--- Exercise ---
Copy word for word the lines from the start of the records through the line that contains "Very lightly used Nike shoes", both included.

*** Exercise input Section Begins ***

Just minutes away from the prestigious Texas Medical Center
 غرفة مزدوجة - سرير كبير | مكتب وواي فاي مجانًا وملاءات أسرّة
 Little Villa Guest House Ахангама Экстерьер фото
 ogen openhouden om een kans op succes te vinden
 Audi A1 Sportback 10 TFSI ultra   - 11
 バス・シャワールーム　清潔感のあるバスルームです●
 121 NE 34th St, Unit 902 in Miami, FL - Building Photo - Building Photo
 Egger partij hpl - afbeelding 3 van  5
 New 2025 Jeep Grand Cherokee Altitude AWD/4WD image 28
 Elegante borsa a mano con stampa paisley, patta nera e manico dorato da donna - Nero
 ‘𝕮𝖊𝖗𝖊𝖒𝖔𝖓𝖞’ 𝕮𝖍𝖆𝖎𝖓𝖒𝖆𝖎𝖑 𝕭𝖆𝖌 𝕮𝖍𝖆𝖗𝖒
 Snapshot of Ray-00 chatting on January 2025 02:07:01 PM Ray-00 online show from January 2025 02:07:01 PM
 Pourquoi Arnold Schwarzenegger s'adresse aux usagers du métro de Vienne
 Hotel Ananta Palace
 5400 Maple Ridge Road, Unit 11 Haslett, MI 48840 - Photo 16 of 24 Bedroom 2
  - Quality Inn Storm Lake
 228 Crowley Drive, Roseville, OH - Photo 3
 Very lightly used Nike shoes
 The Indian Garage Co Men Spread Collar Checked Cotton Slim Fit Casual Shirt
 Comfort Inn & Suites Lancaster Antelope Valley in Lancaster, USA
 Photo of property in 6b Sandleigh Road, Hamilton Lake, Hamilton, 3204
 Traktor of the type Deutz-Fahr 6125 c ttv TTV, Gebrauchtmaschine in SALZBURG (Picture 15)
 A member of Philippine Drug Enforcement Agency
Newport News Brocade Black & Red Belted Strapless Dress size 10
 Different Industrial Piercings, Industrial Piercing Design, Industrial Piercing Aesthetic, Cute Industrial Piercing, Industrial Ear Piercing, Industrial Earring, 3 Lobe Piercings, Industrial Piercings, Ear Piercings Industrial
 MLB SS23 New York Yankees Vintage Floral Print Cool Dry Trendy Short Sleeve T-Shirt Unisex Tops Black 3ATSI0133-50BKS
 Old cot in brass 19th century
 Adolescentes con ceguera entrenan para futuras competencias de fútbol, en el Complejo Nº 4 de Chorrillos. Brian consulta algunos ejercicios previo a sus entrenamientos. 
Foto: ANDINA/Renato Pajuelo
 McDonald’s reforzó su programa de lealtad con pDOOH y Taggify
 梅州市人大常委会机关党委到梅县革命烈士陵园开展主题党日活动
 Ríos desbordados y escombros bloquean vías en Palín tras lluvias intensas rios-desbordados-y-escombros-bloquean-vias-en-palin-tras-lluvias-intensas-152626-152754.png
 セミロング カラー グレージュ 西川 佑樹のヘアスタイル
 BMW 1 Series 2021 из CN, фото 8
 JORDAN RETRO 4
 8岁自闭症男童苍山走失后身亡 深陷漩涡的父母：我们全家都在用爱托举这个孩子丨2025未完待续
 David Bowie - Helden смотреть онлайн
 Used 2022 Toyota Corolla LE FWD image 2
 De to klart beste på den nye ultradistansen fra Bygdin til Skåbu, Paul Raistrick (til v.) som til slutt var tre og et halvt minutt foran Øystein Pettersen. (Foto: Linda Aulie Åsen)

*** Exercise input Section Ends ***

--- Solution to this exercise ---
Just minutes away from the prestigious Texas Medical Center
 غرفة مزدوجة - سرير كبير | مكتب وواي فاي مجانًا وملاءات أسرّة
 Little Villa Guest House Ахангама Экстерьер фото
 ogen openhouden om een kans op succes te vinden
 Audi A1 Sportback 10 TFSI ultra   - 11
 バス・シャワールーム　清潔感のあるバスルームです●
 121 NE 34th St, Unit 902 in Miami, FL - Building Photo - Building Photo
 Egger partij hpl - afbeelding 3 van  5
 New 2025 Jeep Grand Cherokee Altitude AWD/4WD image 28
 Elegante borsa a mano con stampa paisley, patta nera e manico dorato da donna - Nero
 ‘𝕮𝖊𝖗𝖊𝖒𝖔𝖓𝖞’ 𝕮𝖍𝖆𝖎𝖓𝖒𝖆𝖎𝖑 𝕭𝖆𝖌 𝕮𝖍𝖆𝖗𝖒
 Snapshot of Ray-00 chatting on January 2025 02:07:01 PM Ray-00 online show from January 2025 02:07:01 PM
 Pourquoi Arnold Schwarzenegger s'adresse aux usagers du métro de Vienne
 Hotel Ananta Palace
 5400 Maple Ridge Road, Unit 11 Haslett, MI 48840 - Photo 16 of 24 Bedroom 2
  - Quality Inn Storm Lake
 228 Crowley Drive, Roseville, OH - Photo 3
 Very lightly used Nike shoes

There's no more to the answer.